Abstract: Background and Objective: Angelica dahurica is a medicinal plant and an essential constituent in Vietnamese traditional medicine. Currently, overusing chemical fertilizer and growth-promoting substances cause reducing the quality of the products. The purpose of this study is to find out the impact of bio-fertilizer on yield and quality of Angelica dahurica. Materials and Methods: Seedlings of Angelica dahurica (Benth. Et Hook. F) were processed using 3 treatments (a controlled treatment and 2 treatments applying 2 types of bio-fertilizer). Results: The research also showed that adding bio-fertilizer could help Angelica dahurica to archive the highest yield, stood at 7330.9 kg ha-1 and up to77.3% of the tuber was ranked as 1st class. Conclusion: The results showed that the supply of bio-fertilizer could efficiently promote the development and yield capacity of Angelica dahurica. It could assist Angelica dahurica in its development and generate high quality of medical content.
INTRODUCTION
Angelica dahurica is an important medicinal plant in the list of essential medicinal plants of Vietnamese traditional medicine. Plants adapt to cool and humid climate, fertile soil, deep soil layer, especially alluvial soil along the river. According to Võ1, the main component of Angelica dahurica root and tuber are coumarin derivatives and the essential oils have many good effects: analgesic, anti-inflammatory. They are used to treat many diseases such as fever, headache, toothache, menopause, myalgia.

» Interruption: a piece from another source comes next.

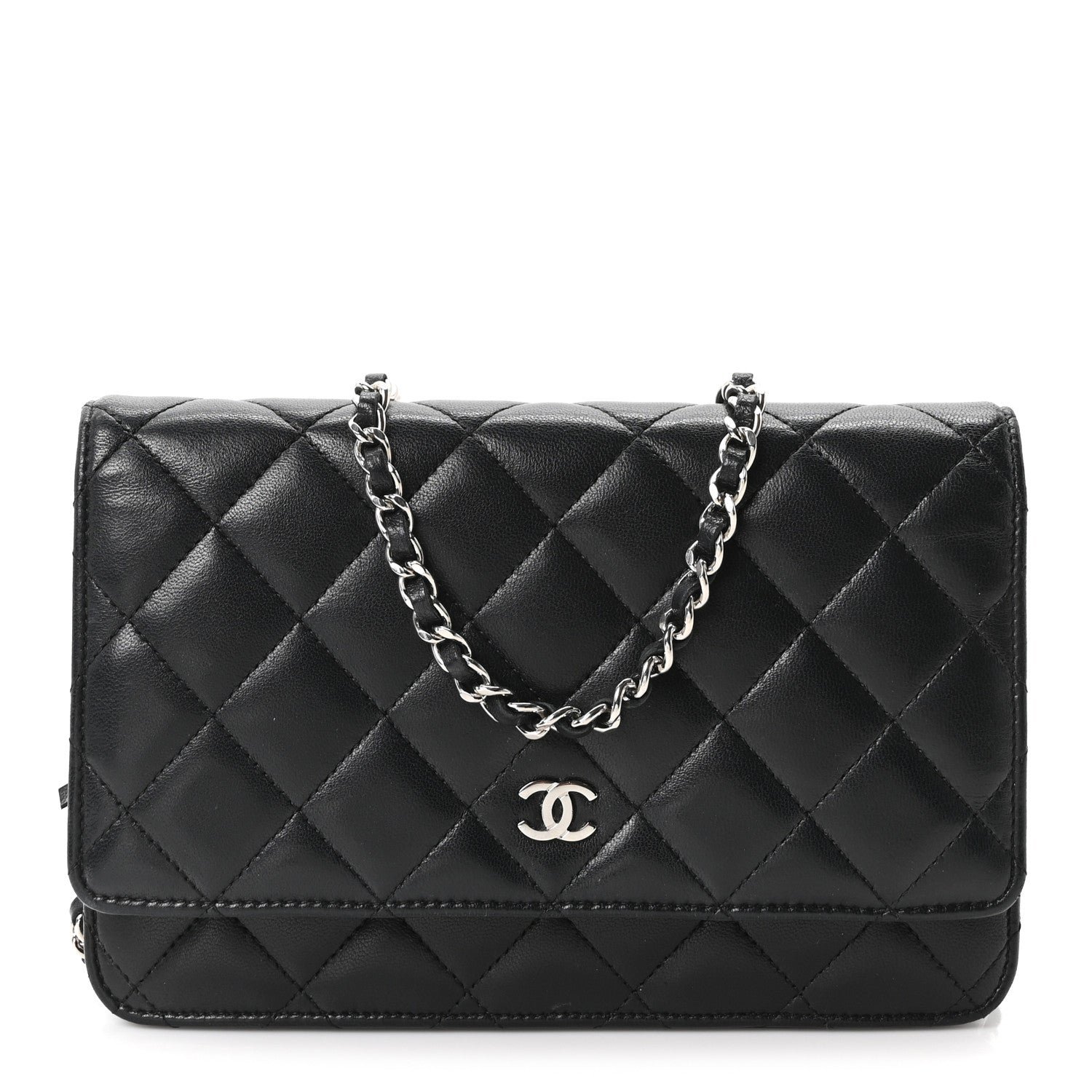 Chanel Lambskin Quilted Wallet On Chain WOC Black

Currently, the use of large quantities of chemical fertilizers with growth-promoting substances has increased the risk of high nitrate residues in the product and the quality of Angelica dahurica tubers is declining. Vietnam is a member of the World Trade Organization (WTO), therefore, the goods must compete fiercely with similar products of other countries in the world. In order to gain a competitive advantage and stand firm in the market, it is necessary to create products with high productivity, good quality and to ensure product hygiene and safety. Therefore, the inevitable trend is to follow the direction of safe production, reduce the use of chemical fertilizers, increase organic fertilizer and bio-fertilizer to increase productivity and quality of medicinal herbs.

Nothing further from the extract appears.